In the second aspect, we have a methodological option that consists, as Civiletto explains, in “combining proclamation and service together” because, in Jesus, these two terms “are indissolubly united,” even though Jesus himself “premised ‘practice on theory’”[10]. Cusmano cites various New Testament episodes in support of this methodological option of the Human Word. This is the case, first of all, of the Last Judgment (Mt 25:31-46), which is based on Works of Mercy and not on “empty theories, separated from practice” because He, the Human Word, “Eternal Wisdom of the Father, wanted to unite, indeed to premise practice to theory, ‘coepit facere et docere’”[11]. This is also the case with the Multiplication of the loaves (Lk 9:11-17), where “Jesus broke the bread to feed the crowds, and entrusted to the Apostles the mission of helping and serving them: Vos facite illos discumbere, vos date illis manducare[12]. This is the case, finally, of the Disciples of Emmaus (Lk 24:18-35), who had recognized Jesus, not at the explanation of the Scriptures, but at the breaking of the bread.

In short, Jesus began by doing and continued by proclaiming. Inspired by this method, according to the teaching of Cusmano, “if we want to make Jesus known, we must begin, not by teaching, but by doing. It is not enough for souls to listen”[13]. Behold, this is the true meaning of Christmas as a gift to the Poor; this is also the novum of the Morsel of the Poor, which is founded on the mystery of the Human Word and which should be raising, not only at Christmas, but every time and everywhere as a social paradigm against the globalization of indifference.

In the final analysis, to affirm that the Morsel of the Poor is founded on the mystery of the Human Word is equivalent to founding it on the Christology of gift.
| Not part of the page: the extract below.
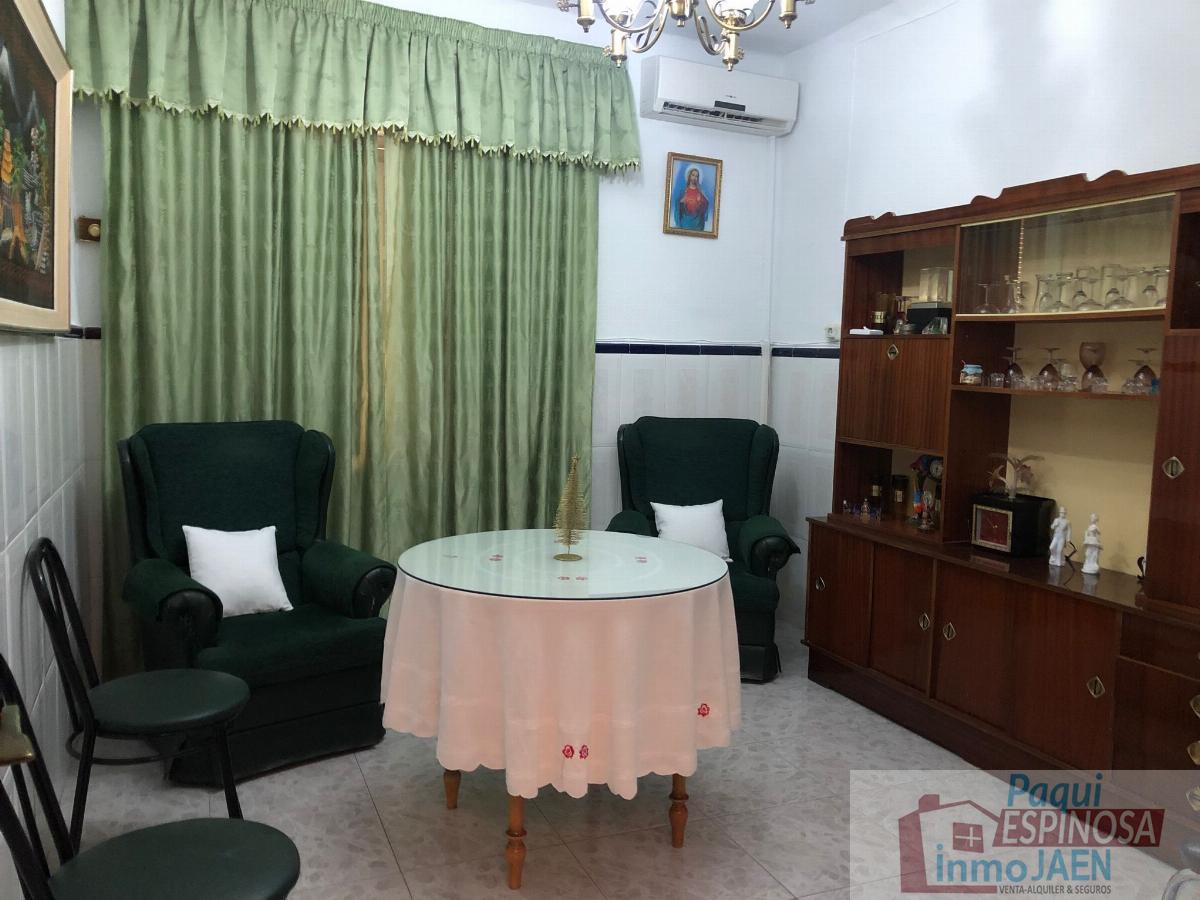Venta de casa en Torredonjimeno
The humanization of the Word is a guarantee to us as Poor, to whom the Lord assures: “Fear not, little flock, for it has pleased your Father to give you the Kingdom” (Lk 12:32). It is therefore the newness of this surprising and excessive gratuitousness of the Work accomplished by God in the Human Word that Cusmano intends to highlight and that should serve as our guide during this Christmas season. In the offering of a morsel, it is always a question of the charity of Jesus Christ, which is manifested in the total gift he made of himself in favor of all men and women, and in particular of the Poor. It is therefore obvious that, like the doctor of the law in the episode of the Good Samaritan, he says to you and to me: “Go and do likewise” (Lk 10:37), this Christmas.

Best wishes, for a Merry Christmas to all. Viva Jesus!

Fr. Romain Ntumba Tshimbawu S.d.P.


[1] G. Ajello (ed.), Lettere del Servo di Dio P. Giacomo Cusmano, Fondatore del Boccone del Povero, I/1: (1864-1884), Boccone del Povero, Palermo 1952, 145.

[2] M. T. Falzone, Storia e Spiritualità cusmaniana, II: La Vita Nuova, Centro Studi e Animazione Cusmaniana, Palermo 2003, 107.

[3] G. Ajello (ed.), Lettere del Servo di Dio P. Giacomo Cusmano, Fondatore del Boccone del Povero, II: (Alla sorella Suor Vincenzina, 1881-1888), Boccone del Povero, Palermo 1952, II, 13-14.

[4] Benedetto XVI, «“Si è fatto uomo”. Udienza Generale (9 gennaio 2013)», inhttp://www.vatican.va/content/benedict-xvi/it/audiences/2013/documents/hf_ben-xvi_aud_20130109.html.

[5] Ivi.

[6] M. T. Falzone, Storia e Spiritualità cusmaniana, II, 112.

[7] Ivi,113.

[8] G. Ajello (ed.), Lettere del Servo di Dio…, II, 14.

[9] P. Fazio (ed.), Lettere del Servo di Dio P. Giacomo Cusmano, Fondatore del Boccone del Povero, Nuova Raccolta, I vol., Boccone del Povero, Palermo 1970-1972, 13.

[10] G. Civiletto, «Le radici cristologiche della teologia del povero in Cusmano», in C. Bianco (ed.), Il povero, ottavo sacramento? L’epistolario di Giacomo Cusmano tra morale, spiritualità e pastorale, Dehoniane, Bologna 2014, 146.

[11] P. Fazio (ed.), Lettere del Servo di Dio…, II, 23.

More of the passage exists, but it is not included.